When I teach coffee professionals how to cup coffee for different purposes, I tend to say that you can approach coffee from so many angles that you actually need to choose your goal before tasting. You need to know what you are looking for. Otherwise, you are lost. You are there at the cupping table, bombarded with sensory stimuli, and you forget why you were there in the first place.

I can say the same about roasting—both production roasting and sample roasting. The whole process requires so much of your attention and your presence that if you don’t know beforehand what you are aiming for, I can guarantee you will get lost. By that, I mean that after roasting, you’ll feel as if you are emerging from a black hole of time and space: hours passed, you are tired, and you don’t remember anything that happened.

This is why planning in roasting is crucial. What are you doing with every batch? If you are tweaking something, why? If you are repeating a roast profile, how are you doing it?

The Different Roads to the Same Goal

Both sample roasting and production roasting need planning—but totally different kinds. Even though they may have the same purpose (to showcase the coffee at its best for a certain preparation method), the roads to get there are not exactly the same.

Today, I would like to focus on planning sample roasts.

It seems wild to me to approach sample roasting with the mindset of: “Roast all the samples the same so I can see the quality of the beans and not the roast.”

After spending so much time tweaking production roast profiles to get the best out of the coffee, it feels like we just drop the whole idea of using the roast to modulate flavor when we switch to samples. But the fact remains: coffees continue to be extremely different and need a different approach. Applying the same profile to all of them means you will inevitably kill some. Even if you are trying to avoid “roast influence,” the roasting is still there. Roasting itself is modulating and shaping the flavor, whether you do it consciously or not.

If your buying decisions depend on it, a lack of careful sample roasting means you can miss out on some very beautiful coffees. But if you are giving feedback to producers or importers, you have even more responsibility. You must have all the attention in the world to make sure you did your job well.
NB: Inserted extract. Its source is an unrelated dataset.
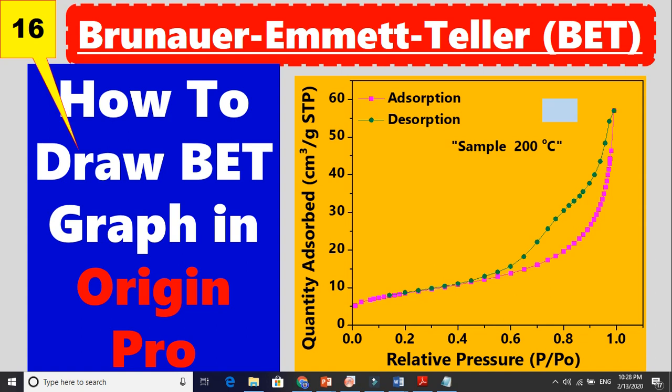In this video I am going to show you how to draw this graph in Origin Pro. It is quite difficult to draw this graph because when you get the data it is in notepad form, text form.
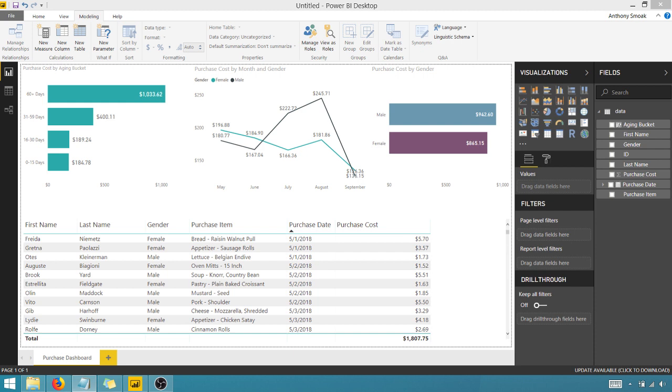that is how you do aging in Power BI. I want you to take this tip and get out there and do some good things with your data. Thanks for watching everyone.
Production Roasting: The Volume Advantage

In production roasting, our biggest challenge is consistency. We are trying to keep the flavor (not the curve!) consistent while making very educated guesses when tweaking profiles. Every mistake comes in volume. In the best-case scenario, you get a cup that is not at its best; in the worst-case scenario, the coffee is undrinkable but has to be sold anyway.
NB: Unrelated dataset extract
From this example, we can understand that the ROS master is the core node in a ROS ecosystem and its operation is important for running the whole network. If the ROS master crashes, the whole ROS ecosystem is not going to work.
The good thing about production is also the challenging part: it comes in volume. This means you can make small mistakes or experiments that can be dissolved or corrected. If one thing goes wrong, it’s not the end of the world.

Sample Roasting: One Shot

Sample roasting is very different. In most cases, you have just one attempt. There is a lot of pressure. You have one shot to get the roast right, or at least acceptable.
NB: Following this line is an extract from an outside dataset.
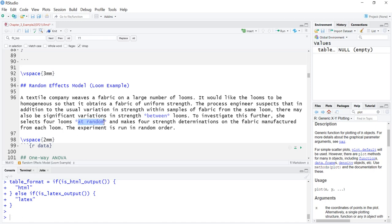She selects four looms at random, which makes the factor loom a random effect. In this video we're only talking about one-way ANOVA with one factor. For a random effects model we don't care about contrasts, because the contrasts would be between the specific looms chosen, which have no special significance — they are just four randomly selected looms out of a large number in this plant.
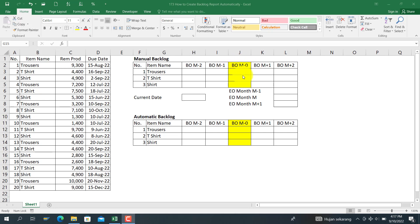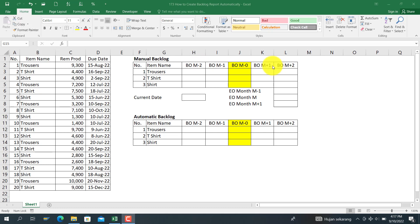If the due date is last month, that is called BOM-1. And if the backlog is two months previously, I call that BOM-2. And if the backlog is for the next month due date, I call that BOM+1.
So, we’d better have a plan.

Sometimes the plan can actually sound like: “I will do things exactly the same for every single batch, see how the coffee behaves, and how it turns out in the cup.”

This is the approach of consistency—but consistency from only one point of view. Consistency here is consistency in application of heat, from one coffee to another (and other parameters, if your sample roasters allows you to change them, like drum speed, fan speed, drum temperature etc etc).

When does this work? It works when the coffees are very similar in processing, size, variety, density, and moisture percentage. When roasting similar coffees, you benefit from not making drastic changes.

Will it guarantee the best possible results? Probably no. But if you have a set of coffees processed the same way from the same region, you won’t be wrong going for that.

Strategies for Different Samples

What if the samples are totally different? What if you have 6 samples from different countries, varieties, and processes? Choosing one profile that fits them all will not work—especially for very dense beans versus soft beans.

Here are two strategies you can apply:

  1. Mimic the Production System: If you are looking for a substitute for a coffee you already have in production, try to mimic your production roaster’s system and transfer that logic to the sample roaster. It’s a lot of work by itself and requires some investigation, but it allows you to understand very quickly if a coffee is worth buying for your specific setup.

  2. Focus on Time and Development: If you don't know what the coffees are good for yet, think Roast Time first and Development second. Try to keep the total time the same and arrive at the first crack with similar momentum. This will give you the most information for future roasts.

The "Learning Curve" Coffees

With some coffees, you will simply get it wrong many times before you get something drinkable.

If you have never roasted Robusta, Conilon, or wet-hulled Indonesia, it will be a learning curve. Nothing helps but trying different things and seeing what works.

Ethiopians also tend to fall in the in-between category, as every Ethiopian coffee is very different, and requires a unique approach. Sometimes things you used to do before work, and sometimes they don’t.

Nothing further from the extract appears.